(EXERCISE BRIEF): Provide the number of lines of the records that include "Kids", with no other content.

(RECORDS FOR THIS EXERCISE):
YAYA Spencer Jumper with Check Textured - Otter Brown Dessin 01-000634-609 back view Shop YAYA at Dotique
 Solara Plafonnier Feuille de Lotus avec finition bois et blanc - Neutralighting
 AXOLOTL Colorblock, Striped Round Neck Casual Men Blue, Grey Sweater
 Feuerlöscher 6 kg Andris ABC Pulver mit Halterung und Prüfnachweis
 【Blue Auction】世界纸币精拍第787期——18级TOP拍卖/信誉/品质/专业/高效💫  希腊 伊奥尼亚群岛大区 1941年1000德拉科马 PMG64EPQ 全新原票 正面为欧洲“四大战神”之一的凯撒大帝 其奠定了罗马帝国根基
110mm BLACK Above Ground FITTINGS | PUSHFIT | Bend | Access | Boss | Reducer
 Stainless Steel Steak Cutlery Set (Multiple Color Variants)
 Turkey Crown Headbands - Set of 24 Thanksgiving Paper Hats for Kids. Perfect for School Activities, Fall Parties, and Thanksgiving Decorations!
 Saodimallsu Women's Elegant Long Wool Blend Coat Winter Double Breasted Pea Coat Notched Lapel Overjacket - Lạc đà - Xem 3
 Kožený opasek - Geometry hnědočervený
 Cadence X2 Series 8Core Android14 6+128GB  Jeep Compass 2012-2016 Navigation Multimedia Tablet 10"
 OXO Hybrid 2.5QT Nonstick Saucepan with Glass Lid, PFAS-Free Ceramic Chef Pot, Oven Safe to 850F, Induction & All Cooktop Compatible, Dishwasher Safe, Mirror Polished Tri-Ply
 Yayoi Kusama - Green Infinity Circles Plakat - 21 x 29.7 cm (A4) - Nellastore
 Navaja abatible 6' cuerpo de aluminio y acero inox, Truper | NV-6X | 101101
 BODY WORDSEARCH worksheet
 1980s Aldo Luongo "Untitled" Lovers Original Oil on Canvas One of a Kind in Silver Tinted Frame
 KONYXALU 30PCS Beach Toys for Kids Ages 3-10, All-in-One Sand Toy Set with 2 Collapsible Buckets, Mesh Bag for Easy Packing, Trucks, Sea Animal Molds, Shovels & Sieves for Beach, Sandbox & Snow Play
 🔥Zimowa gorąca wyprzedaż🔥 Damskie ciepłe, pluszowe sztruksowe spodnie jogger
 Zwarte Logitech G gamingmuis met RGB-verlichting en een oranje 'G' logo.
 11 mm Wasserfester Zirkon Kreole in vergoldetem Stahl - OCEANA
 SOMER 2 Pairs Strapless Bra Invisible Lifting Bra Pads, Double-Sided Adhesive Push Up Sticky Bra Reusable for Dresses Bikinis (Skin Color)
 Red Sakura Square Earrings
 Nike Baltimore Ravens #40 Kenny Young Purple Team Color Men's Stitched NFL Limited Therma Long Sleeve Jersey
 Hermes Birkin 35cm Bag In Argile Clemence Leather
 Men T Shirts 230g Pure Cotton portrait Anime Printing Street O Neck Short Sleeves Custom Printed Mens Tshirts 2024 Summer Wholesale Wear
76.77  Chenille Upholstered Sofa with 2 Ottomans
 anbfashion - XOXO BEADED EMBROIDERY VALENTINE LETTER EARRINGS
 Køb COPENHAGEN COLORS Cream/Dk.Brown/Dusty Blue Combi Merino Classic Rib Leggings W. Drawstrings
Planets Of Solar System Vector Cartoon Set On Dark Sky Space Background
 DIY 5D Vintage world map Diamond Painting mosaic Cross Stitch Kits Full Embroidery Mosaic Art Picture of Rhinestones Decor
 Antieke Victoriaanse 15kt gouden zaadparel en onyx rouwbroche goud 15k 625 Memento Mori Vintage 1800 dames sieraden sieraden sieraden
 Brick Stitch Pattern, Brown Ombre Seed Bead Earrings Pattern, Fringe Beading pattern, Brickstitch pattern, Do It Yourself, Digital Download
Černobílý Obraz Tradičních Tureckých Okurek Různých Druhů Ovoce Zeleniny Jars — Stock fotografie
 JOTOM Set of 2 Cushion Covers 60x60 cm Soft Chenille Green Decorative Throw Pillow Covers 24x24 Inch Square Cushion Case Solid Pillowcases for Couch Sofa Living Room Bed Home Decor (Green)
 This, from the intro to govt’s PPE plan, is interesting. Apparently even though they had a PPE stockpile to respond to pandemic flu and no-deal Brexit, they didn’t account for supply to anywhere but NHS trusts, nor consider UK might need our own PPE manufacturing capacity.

(FINAL ANSWER): 2